▶ [Goal of the exercise]: A bare number is the only acceptable answer: how many lines of these entries include "getting"?

▶ [Data]:
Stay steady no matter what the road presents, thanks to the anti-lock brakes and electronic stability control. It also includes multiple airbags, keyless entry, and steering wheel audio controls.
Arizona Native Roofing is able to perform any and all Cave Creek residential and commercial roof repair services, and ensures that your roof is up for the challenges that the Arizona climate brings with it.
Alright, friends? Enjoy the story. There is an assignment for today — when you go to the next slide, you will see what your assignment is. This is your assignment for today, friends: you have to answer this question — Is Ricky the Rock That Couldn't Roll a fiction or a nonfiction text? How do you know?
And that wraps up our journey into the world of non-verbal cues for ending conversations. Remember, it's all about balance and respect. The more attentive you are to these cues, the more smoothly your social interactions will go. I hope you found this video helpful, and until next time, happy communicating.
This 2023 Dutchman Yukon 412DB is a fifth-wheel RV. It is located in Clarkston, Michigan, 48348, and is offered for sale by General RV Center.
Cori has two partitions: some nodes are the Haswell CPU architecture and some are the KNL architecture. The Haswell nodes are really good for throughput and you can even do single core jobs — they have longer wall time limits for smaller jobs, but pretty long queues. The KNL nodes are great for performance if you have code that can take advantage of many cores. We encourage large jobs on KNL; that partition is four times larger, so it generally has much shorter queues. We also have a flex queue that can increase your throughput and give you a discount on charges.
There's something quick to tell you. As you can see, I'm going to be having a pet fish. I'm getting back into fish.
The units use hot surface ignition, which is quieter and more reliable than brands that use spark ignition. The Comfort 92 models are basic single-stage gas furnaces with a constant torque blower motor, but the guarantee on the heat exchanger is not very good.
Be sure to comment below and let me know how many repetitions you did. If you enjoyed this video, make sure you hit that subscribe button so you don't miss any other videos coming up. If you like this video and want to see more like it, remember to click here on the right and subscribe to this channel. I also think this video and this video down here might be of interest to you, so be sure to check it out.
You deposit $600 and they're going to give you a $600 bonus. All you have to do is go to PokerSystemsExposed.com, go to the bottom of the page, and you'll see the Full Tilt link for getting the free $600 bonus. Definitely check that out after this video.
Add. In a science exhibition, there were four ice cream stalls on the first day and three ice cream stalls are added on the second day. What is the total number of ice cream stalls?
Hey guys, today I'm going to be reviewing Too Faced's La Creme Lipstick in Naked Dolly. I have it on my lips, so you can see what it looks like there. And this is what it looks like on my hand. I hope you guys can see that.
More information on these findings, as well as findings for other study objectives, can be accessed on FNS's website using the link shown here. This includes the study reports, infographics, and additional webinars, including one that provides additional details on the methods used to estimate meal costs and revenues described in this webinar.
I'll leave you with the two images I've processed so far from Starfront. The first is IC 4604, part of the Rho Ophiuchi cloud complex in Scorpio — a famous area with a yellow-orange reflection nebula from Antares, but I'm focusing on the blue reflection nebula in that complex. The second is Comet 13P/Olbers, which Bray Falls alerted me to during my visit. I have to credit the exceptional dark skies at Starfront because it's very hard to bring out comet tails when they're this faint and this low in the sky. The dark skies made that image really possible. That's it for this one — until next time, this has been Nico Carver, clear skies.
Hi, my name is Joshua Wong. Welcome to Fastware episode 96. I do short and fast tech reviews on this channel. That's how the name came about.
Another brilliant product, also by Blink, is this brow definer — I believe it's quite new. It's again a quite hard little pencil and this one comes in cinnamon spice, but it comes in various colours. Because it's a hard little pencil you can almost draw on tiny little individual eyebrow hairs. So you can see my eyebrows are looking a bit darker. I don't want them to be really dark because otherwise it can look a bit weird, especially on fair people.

▶ [Answer to this task]: 2